Data to examine: Begin
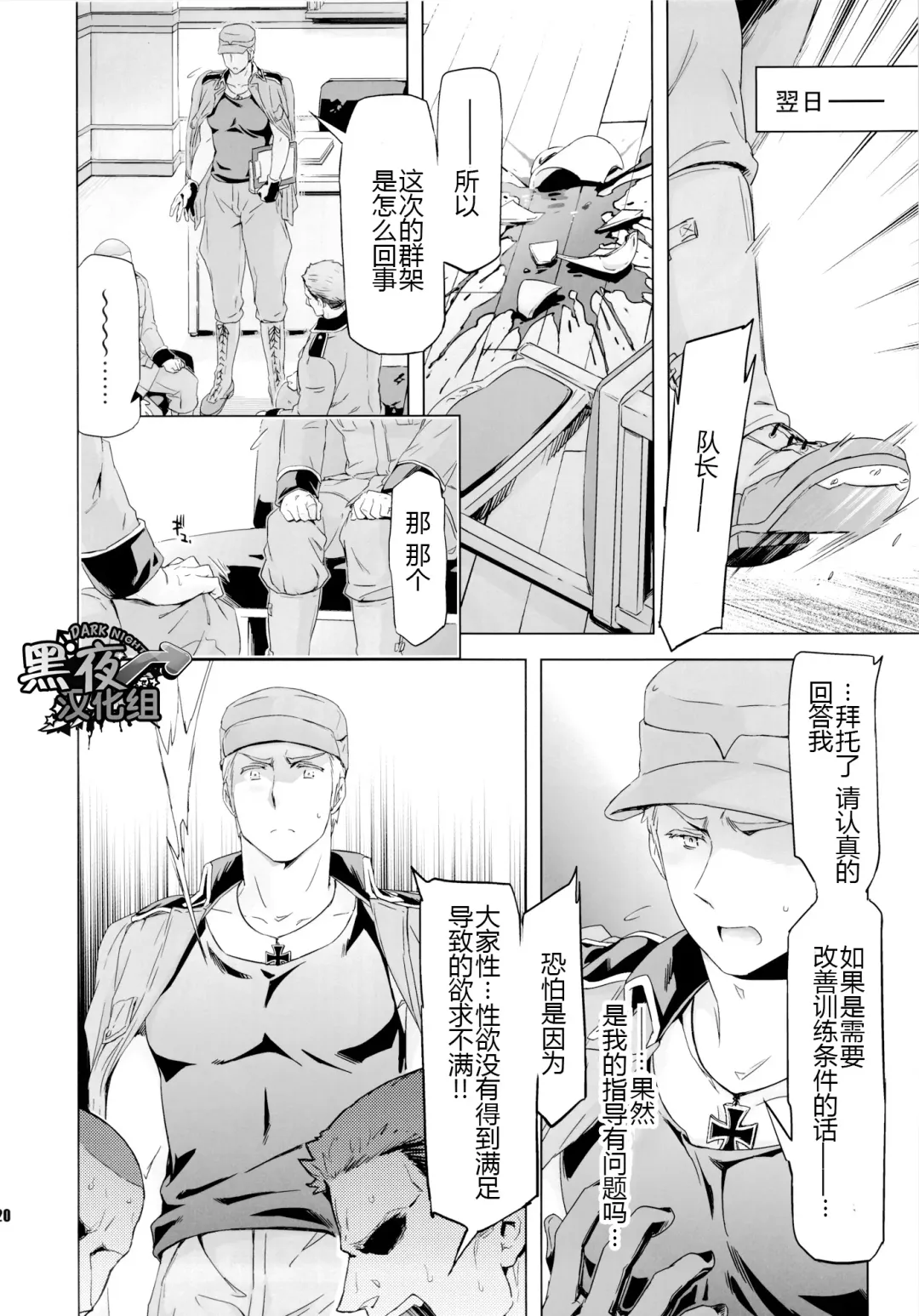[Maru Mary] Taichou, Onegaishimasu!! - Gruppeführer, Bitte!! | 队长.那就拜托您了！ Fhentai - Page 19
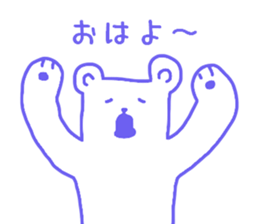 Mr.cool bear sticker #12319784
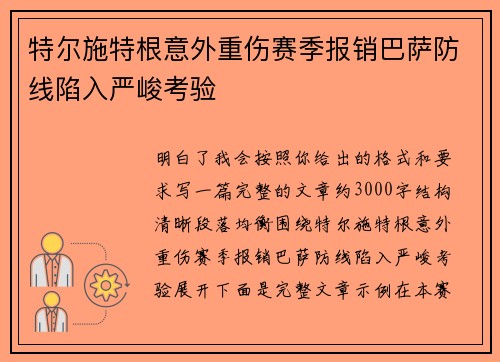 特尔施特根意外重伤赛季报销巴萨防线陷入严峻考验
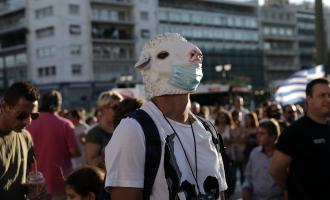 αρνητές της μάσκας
Data to examine: End
Data to examine: Begin
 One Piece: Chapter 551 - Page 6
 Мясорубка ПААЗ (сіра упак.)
Data to examine: End
Data to examine: Begin
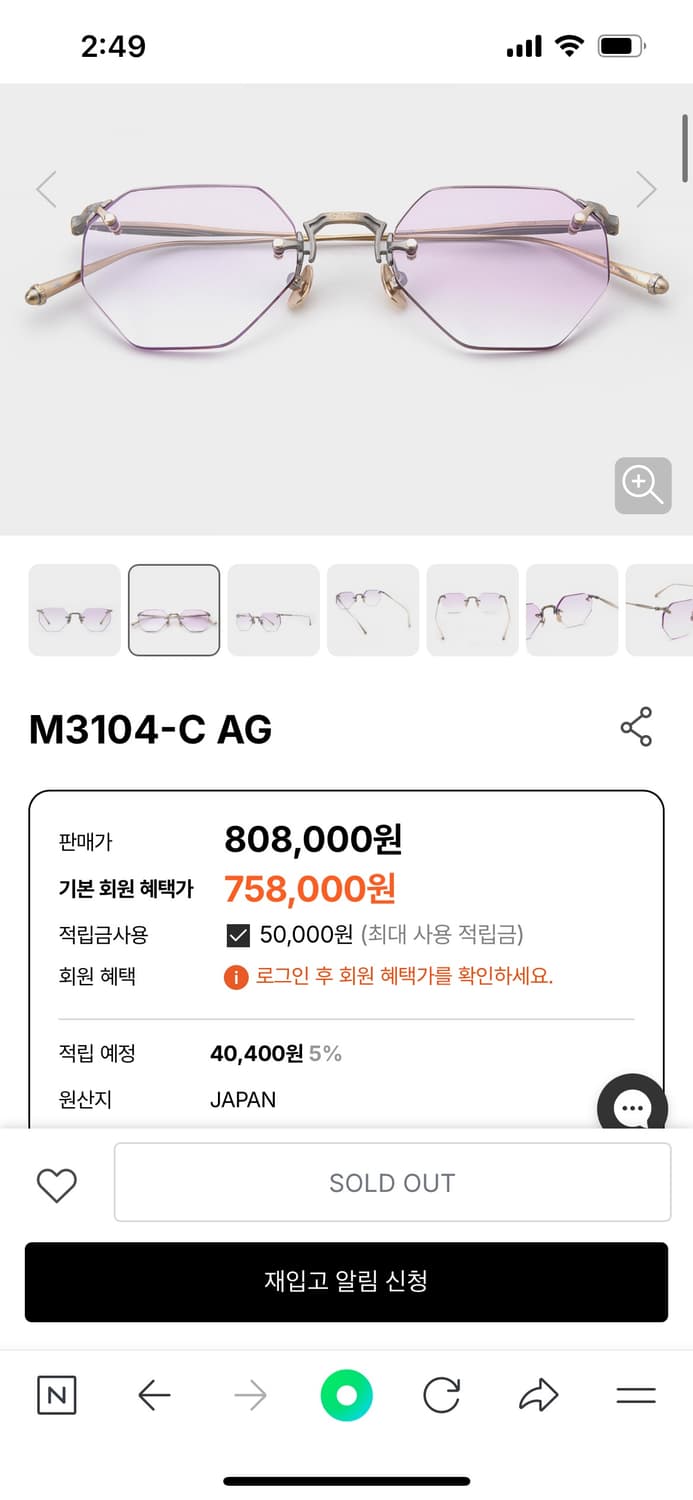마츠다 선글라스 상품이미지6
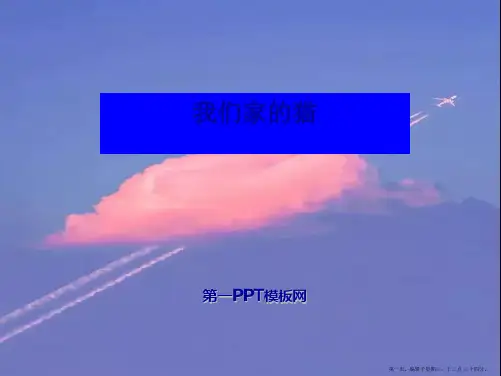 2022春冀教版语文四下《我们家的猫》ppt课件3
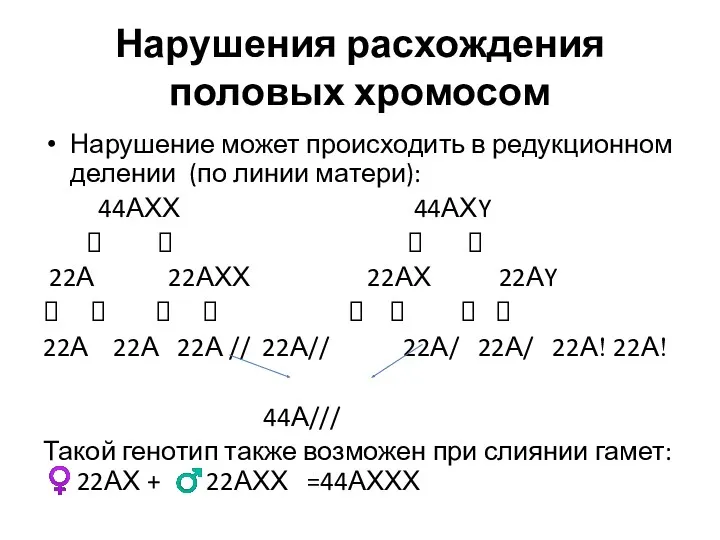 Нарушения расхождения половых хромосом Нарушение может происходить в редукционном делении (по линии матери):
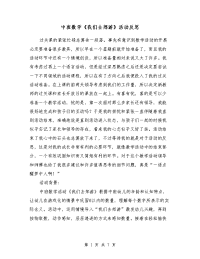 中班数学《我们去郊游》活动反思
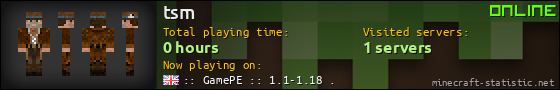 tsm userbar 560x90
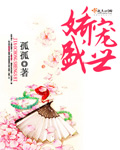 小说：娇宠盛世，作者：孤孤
Data to examine: End
• [Exercise description]
Begin at the line in the entries above that has "[Maru Mary] Taichou, Onegaishimasu!!", stop after the line that has "αρνητές της μάσκας", and output exactly those lines without pictures.

• [Your solution]
[Maru Mary] Taichou, Onegaishimasu!! - Gruppeführer, Bitte!! | 队长.那就拜托您了！ Fhentai - Page 19
 Mr.cool bear sticker #12319784
 特尔施特根意外重伤赛季报销巴萨防线陷入严峻考验
 αρνητές της μάσκας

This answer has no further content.